Solved: Re: How to remove duplicate rows based on some columns in SAS Enterpri...

ralizadeh · Posted 05-01-2023 02:56 PM

I want to remove the duplicated records which have similar entries across all variables except 'age'. I don't care which row to keep once a duplicated row found. Also, I don't want to see 'age' column in my report either.

Any help would be appreciated.

Here is what I have:

Here is what I want:

Thanks in advance.

yabwon · Posted 05-02-2023 03:12 PM

First of all you need to understand that EG won't execute any thing for you becayse EG is just a "nice looking" interface to SAS computing engine, basically there is always SAS code at the end, it's just the way it works.

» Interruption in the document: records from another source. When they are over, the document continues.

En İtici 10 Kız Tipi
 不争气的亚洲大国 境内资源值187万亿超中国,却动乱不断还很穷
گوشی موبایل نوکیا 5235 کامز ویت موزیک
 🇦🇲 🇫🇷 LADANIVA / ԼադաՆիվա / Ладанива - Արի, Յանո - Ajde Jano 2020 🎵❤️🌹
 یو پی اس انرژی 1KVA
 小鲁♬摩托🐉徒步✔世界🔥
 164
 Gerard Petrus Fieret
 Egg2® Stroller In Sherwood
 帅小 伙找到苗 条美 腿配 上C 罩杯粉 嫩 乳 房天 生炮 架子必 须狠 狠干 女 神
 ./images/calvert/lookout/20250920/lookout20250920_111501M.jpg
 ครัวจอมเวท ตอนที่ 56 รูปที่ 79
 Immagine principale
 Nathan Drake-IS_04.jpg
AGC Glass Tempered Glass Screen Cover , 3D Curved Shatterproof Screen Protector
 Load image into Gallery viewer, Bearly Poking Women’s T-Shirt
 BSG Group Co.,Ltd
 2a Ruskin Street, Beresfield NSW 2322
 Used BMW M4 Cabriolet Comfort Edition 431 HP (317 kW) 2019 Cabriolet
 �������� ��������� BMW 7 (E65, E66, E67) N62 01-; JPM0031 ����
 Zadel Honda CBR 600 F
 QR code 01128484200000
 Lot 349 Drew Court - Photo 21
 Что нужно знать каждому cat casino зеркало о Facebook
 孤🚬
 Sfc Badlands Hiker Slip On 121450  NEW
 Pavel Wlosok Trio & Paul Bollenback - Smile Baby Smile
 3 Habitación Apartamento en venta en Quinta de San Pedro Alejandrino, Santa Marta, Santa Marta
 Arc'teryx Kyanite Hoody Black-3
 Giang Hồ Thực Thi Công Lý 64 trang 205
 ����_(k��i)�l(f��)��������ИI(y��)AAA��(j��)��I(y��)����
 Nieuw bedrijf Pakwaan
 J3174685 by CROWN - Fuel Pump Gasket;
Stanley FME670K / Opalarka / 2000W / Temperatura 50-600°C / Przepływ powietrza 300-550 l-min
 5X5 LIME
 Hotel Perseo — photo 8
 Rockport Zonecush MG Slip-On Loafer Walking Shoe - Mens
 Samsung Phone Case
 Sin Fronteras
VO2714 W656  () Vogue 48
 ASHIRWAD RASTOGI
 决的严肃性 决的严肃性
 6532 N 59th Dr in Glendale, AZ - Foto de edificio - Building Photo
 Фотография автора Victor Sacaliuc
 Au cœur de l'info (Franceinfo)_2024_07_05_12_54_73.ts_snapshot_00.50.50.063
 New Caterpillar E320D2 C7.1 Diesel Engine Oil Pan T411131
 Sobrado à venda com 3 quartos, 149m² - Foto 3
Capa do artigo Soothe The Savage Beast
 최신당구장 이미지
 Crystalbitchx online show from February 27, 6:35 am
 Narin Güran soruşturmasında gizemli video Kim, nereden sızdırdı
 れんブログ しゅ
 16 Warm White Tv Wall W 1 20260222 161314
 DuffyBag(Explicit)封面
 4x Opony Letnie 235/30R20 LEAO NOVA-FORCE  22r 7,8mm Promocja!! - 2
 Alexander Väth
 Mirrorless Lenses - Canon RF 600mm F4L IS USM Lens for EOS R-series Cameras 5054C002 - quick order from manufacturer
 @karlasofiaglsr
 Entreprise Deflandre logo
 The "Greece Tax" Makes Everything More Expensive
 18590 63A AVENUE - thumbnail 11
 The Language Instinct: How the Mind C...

So the fastest, the more efficient, and foremost reproducible way would be to add program block to your EG flow with the following code:

proc sort data=have(keep=CIN YYYY MM) out=want nodupkey;
  by _all_;
run;

But as I wrote EG is "nice looking" interface so you can also do it this way:

1) I assume that in the WORK library there is your dataset named HAVE

2) Drag and drop the dataset to the process flow:

3) double click dataset icon and open it and select tasks (of course my example has different data)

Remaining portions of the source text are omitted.